* [Description of the task] Everything from the line holding "Garden chair between flowers" to the end of the listing below should be copied exactly, line for line, minus the pictures.

* [Supplied material]
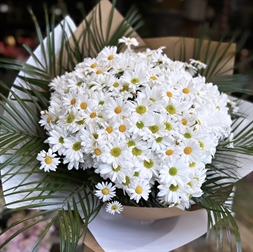 Resim DAISY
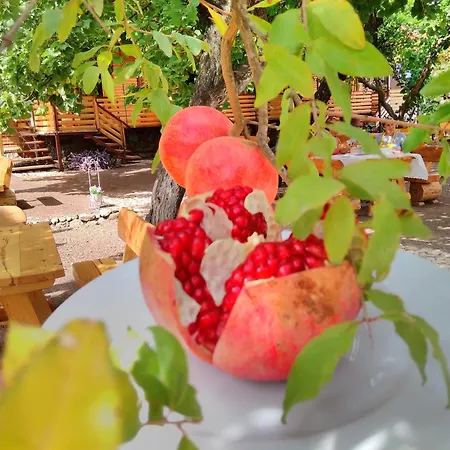 Chimera Pia Aparts 3*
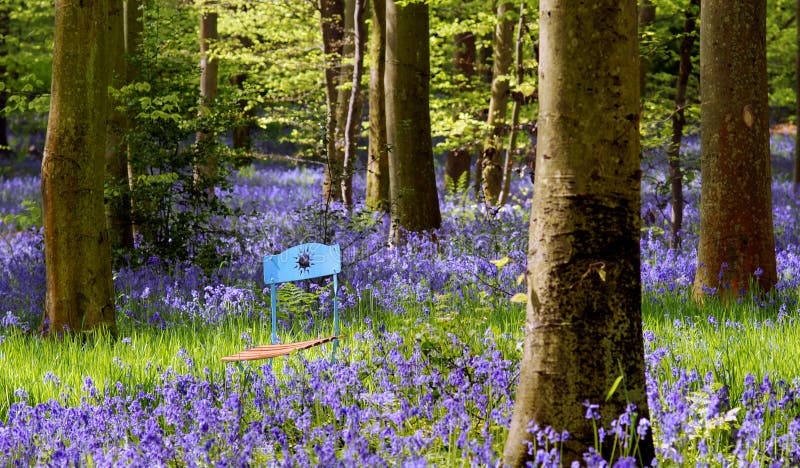 Garden chair between flowers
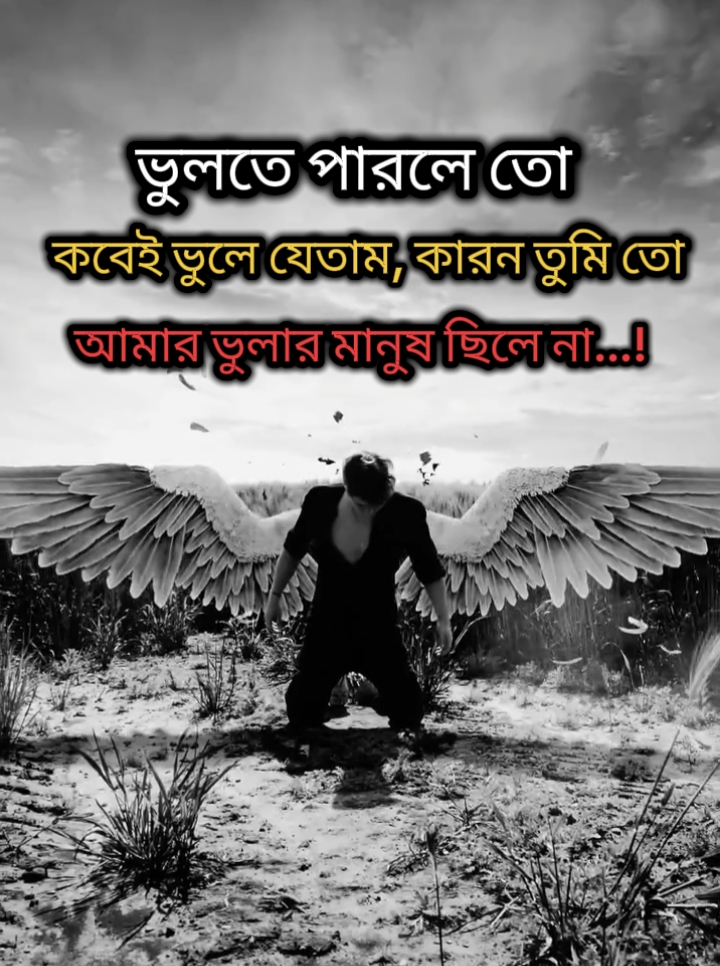 ভুলতে পারলে তো  কবেই ভুলে যেতাম, কারন তুমি তো  আমার ভুলার মানুষ ছিলে না...! #foryou #foryoupage #fyp #vairal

* [Task output]
 Garden chair between flowers
 ভুলতে পারলে তো  কবেই ভুলে যেতাম, কারন তুমি তো  আমার ভুলার মানুষ ছিলে না...! #foryou #foryoupage #fyp #vairal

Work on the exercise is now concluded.